Jason Isbell and the 400 Unit

Jason Isbell and the 400 Unit (photo by Danny Clinch, PR)
by Darren DeVivo | 06/19/2017 | 12:15am

Jason Isbell and the 400 Unit (photo by Danny Clinch, PR)

Jason Isbell and the 400 Unit
The Nashville Sound
Southeastern/Thirty Tigers

The title of Jason Isbell and the 400 Unit's new album is both a description and a declaration: The Nashville Sound is exactly what you hear, and it’s that sound that exemplifies what authentic, honest-to-goodness Nashville music is today.

Isbell follows his 2015 solo offering, Something More Than Free, with his first studio recording with the 400 Unit in six years. An Alabama native now based in Nashville, Isbell is in fine voice here: clear, pointed and demanding to be heard. His last two solo albums found Isbell looking inward, especially 2013’s Southeastern. The Nashville Sound casts its net wider, but never completely away from Isbell, or characters like himself.

Isbell amicably left Drive-By Truckers ten years ago and released his first solo album, Sirens of the Ditch, that same year. He followed his debut with the first album to feature his new band, the 400 Unit. The album, Jason Isbell And The 400 Unit, was released in early 2009. Isbell and the band returned two years later with a second album, Here We Rest, but since 2011, Isbell has concentrated on recording as a solo artist. For this album, he decided the time was right to strike up the band again.
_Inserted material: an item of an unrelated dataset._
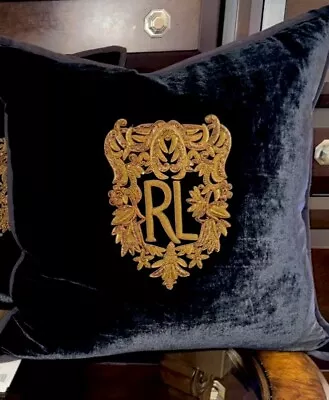 $495 Ralph Lauren Glenshire Velvet Silk Black Throw Pillow New W/ Tags • $399.99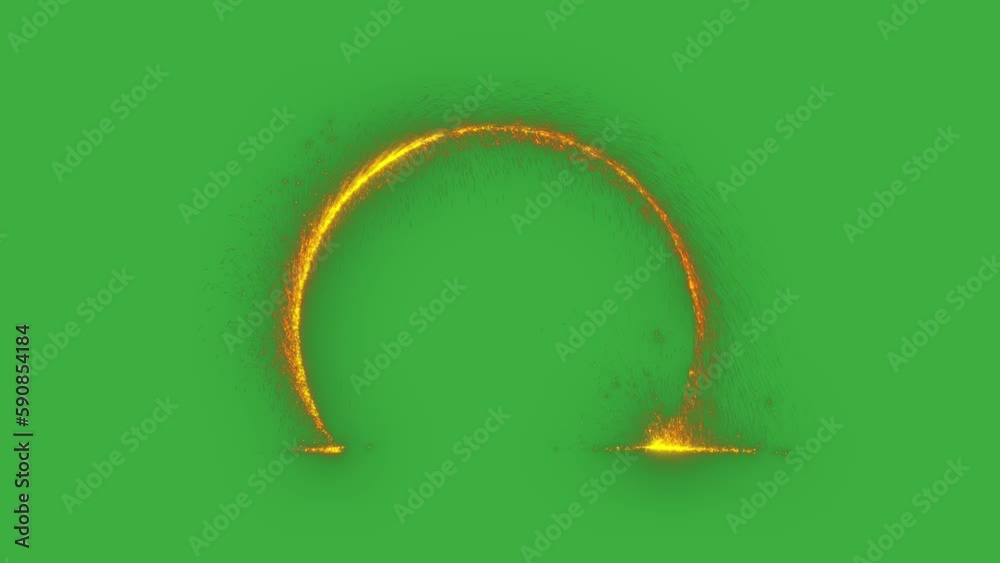 Green screen chroma key sparky portal effect with looping animation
On The Nashville Sound, post-election blues are flung around in “Hope The High Road,” but not without an attempt at finding some hope: "Wherever you are I hope the high road leads you home again/to a world you want to live in.”

“White Man’s World” deals with social privilege and racism from the point of view of a white man, disgusted over the hardships of the disadvantaged. The plight of the down-and-out coal miner, reeling as his industry dies, is lamented in the rocker “Cumberland Gap.” The acoustic “If We Were Vampires” is an emotionally gripping love song that features Isbell’s wife and bandmate, country artist Amanda Shires, on vocals. Proof of Isbell’s brilliant songwriting skills can be found in this song, featuring lines like, “It’s knowing that this can’t go on forever/Likely one of us will have to spend some days alone./Maybe we’ll get forty years together, but one day I’ll be gone/or one day you’ll be gone.”

The wistfully hopeful “Something To Love” closes the album with a sentiment that, despite the brutal state of the world, the future can be positive. In a message meant for his young daughter with Shires, Isbell sings: “I don’t quite recognize the world you’ll call home/Just find what makes you happy girl, and do it ‘til you’re gone.” It’s sound advice we all could use.

The presence of the 400 Unit adds bulk to many of the songs on this album. Melodies on The Nashville Sound range from acoustic numbers with electronic touches (“Chaos And Clothes”), jangly guitar-driven pop (“Molotov”), and crunchy epics (“Anxiety”). Once again, Isbell turned to producer Dave Cobb who also helmed the sessions for the albums Southeastern and Something More Than Free. Isbell plays acoustic and electric guitars, and the 400 Unit features original members Derry DeBorja (keyboards), Jimbo Hart (bass), Chad Gamble (drums), and Sadler Vaden (guitar). Shires is on strings and backing vocals. Isbell wrote all the songs on The Nashville Sound, with help from Shires on “Anxiety."

The Nashville Sound presents Isbell at the top of his game and reinforces his reputation as one of the premier songwriters in this country. With artists like Isbell at the forefront, the music of Nashville is a shining beacon of American country, Americana and rock.